Linear Regressions — The Basic
How to Understand Linear Regression Once and For All! — #PySeries#Episode 04
Two variables can be related to each other.
For example, we can predict the number of likes a trending YouTube video gets based on the number of comments that it has.
Experience tells us that the greater the number of comments, the greater the number of likes YouTube video gets. Is that really like this? But how?
How to describe these relationships between variables?
Today we’ll introduce you to one of the most flexible statistical tools — the Generalized Linear Model, or GLM. Here is the formula:
Yi = β0 + β1xi + Ɛ
Where:
Yi - model the expected value of a continuous variable
β0 - parameter estimates the intercept
β1 - parameter estimates of the slope
xi - parameter observations
Ɛ - errors(You may want to refer to the Statistics Symbol Sheet)
The GLM will allow us to create many different models to help describe the world (Linear Regression, ANOVA, Logistic, Binomial, Poisson, etc).
The first we’ll talk about is The Regression Model.
Let’s suppose my model is this:
Predict Likes = Likes if Zero Comments + M x Increases in Likes per comments
Which can be translated to:
Likes = 9.104 + 6.4954 x Number of Comments
That is my Model!
What is the predictive strength of this model?
Let's suppose in one of my pages I had 10 comments.
So, according to my Model, the number of Likes would be:
Likes = 9.104 + (6.4954 x 10)
Likes = 74.058
Let’s suppose again that, in reality, I’ve got just 50 Likes out of 10 comments.
This is the ERROR of the Model:
74 = 50 + ERROR(e)
74 = 50 + 24
As you know, reality doesn’t always match predictions!
Now, the error doesn’t mean that something’s WRONG, per se.
We call it an error because it’s a deviation from our model.
So the data isn’t wrong, the model is!
And these errors can come from many sources: like variables, we didn’t account for in our model — including some characteristic inherent to my English accent, since I am not native— or just random variation.

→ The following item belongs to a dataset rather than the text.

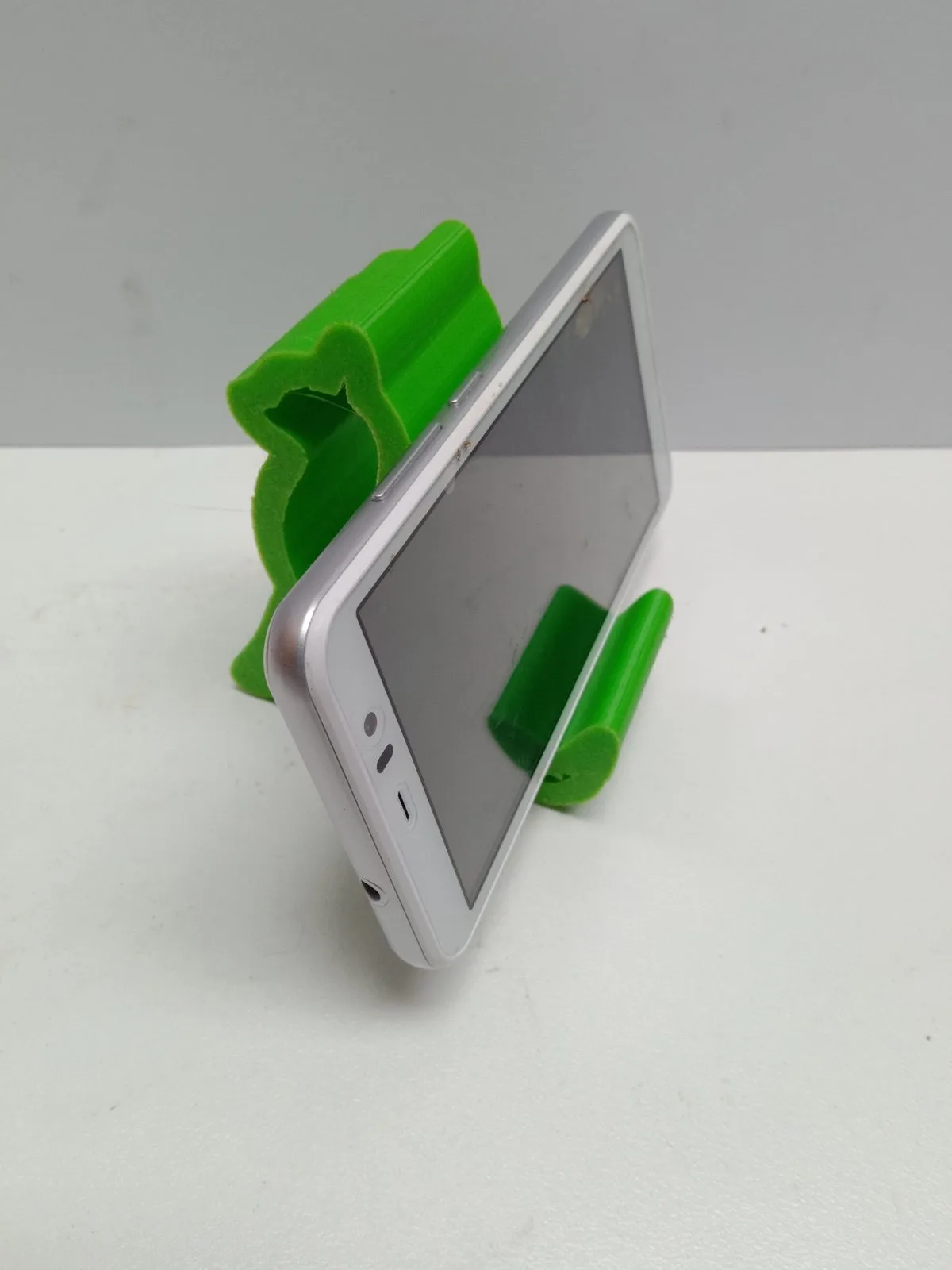cat theme phone holder — photo 3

Models allow us to make inferences.
The inference is using observation and background to reach a logical conclusion.
You probably practice inference every day. For example, if you see someone eating a portion of new food and he or she makes a face, then you infer he does not like it. Or if someone slams a door, you can infer that she is upset about something.

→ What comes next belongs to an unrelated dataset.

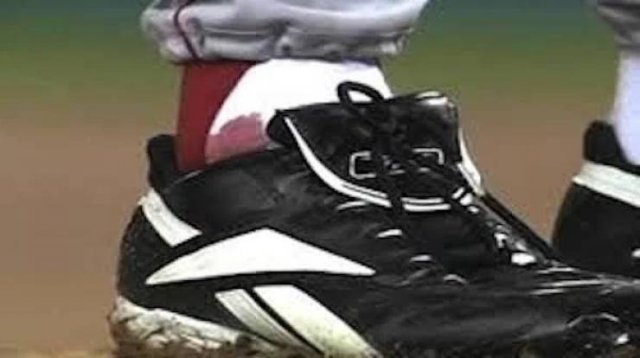 Sport Collection Items And Their Prices (22 pics) Sport Collection Items And Their Prices (22 pics)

Generalized Linear Models take the information that data give us and portion it out into two major parts: information that can be accounted for by our model, and information that can’t be.

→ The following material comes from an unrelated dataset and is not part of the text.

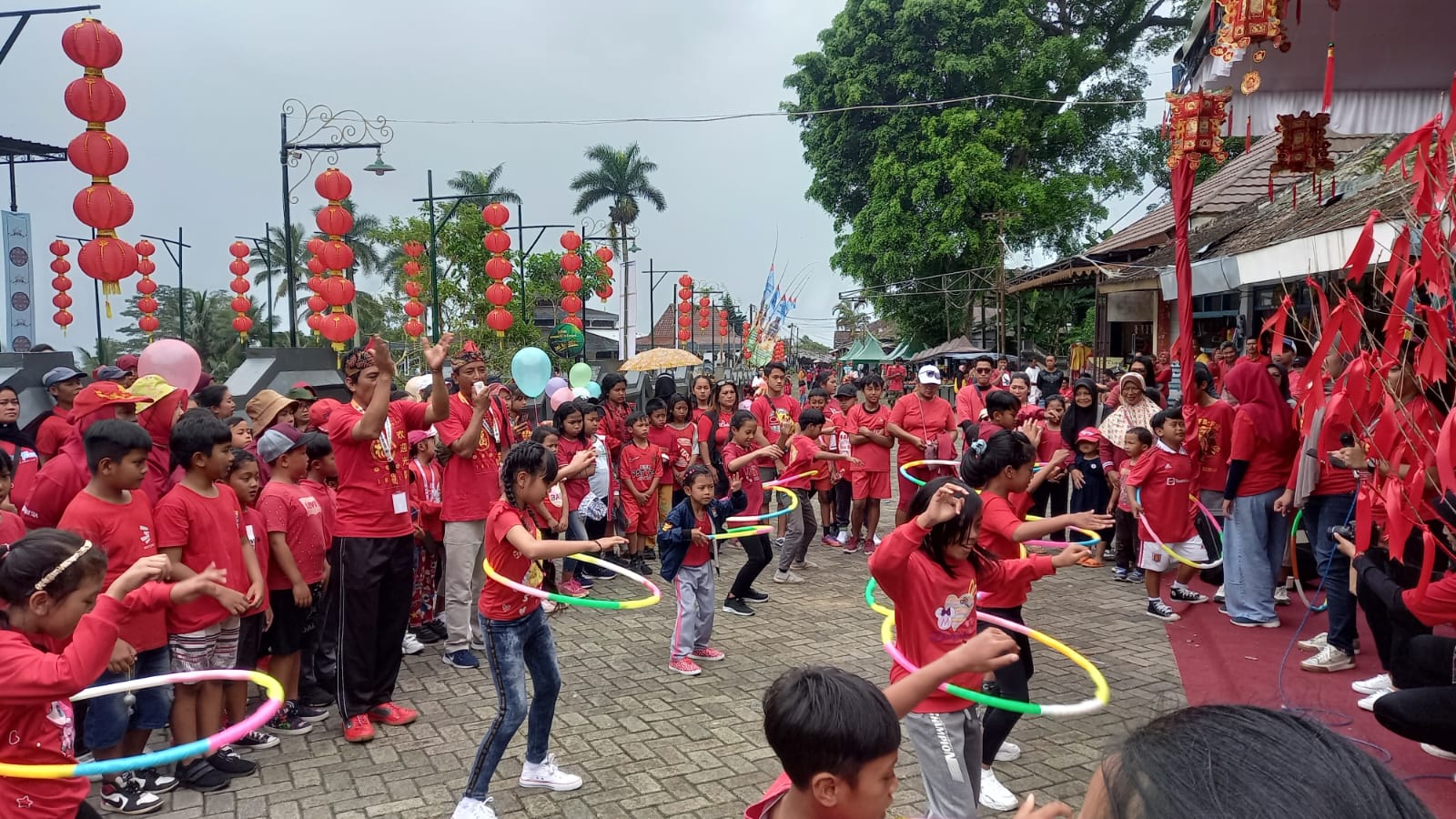 cap go meh tugu jatim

There are many types of GLMS, one is Linear Regression, which can also provide a prediction for our data.
It uses continuous data. Here is the formula:
What is a Linear Regression after all?
The general goal of regression is to develop an equation that best describes the relationship between variables.
A regression line is a straight line that’s as close as possible to all the data points at once.
That means that it’s the one straight line that minimizes the sum of the squared distance of each point to the line.
Let me try to convey this idea better.
Let’s consider data so if only one variable to begin with the best fit line (e.g. production hour at fixed intervals):
As you may guess the best fit line is the average line:
Now let’s squared the errors out and take the sum of them all:
Now, what if I move the Average Line (red) a bit up? 45 instead.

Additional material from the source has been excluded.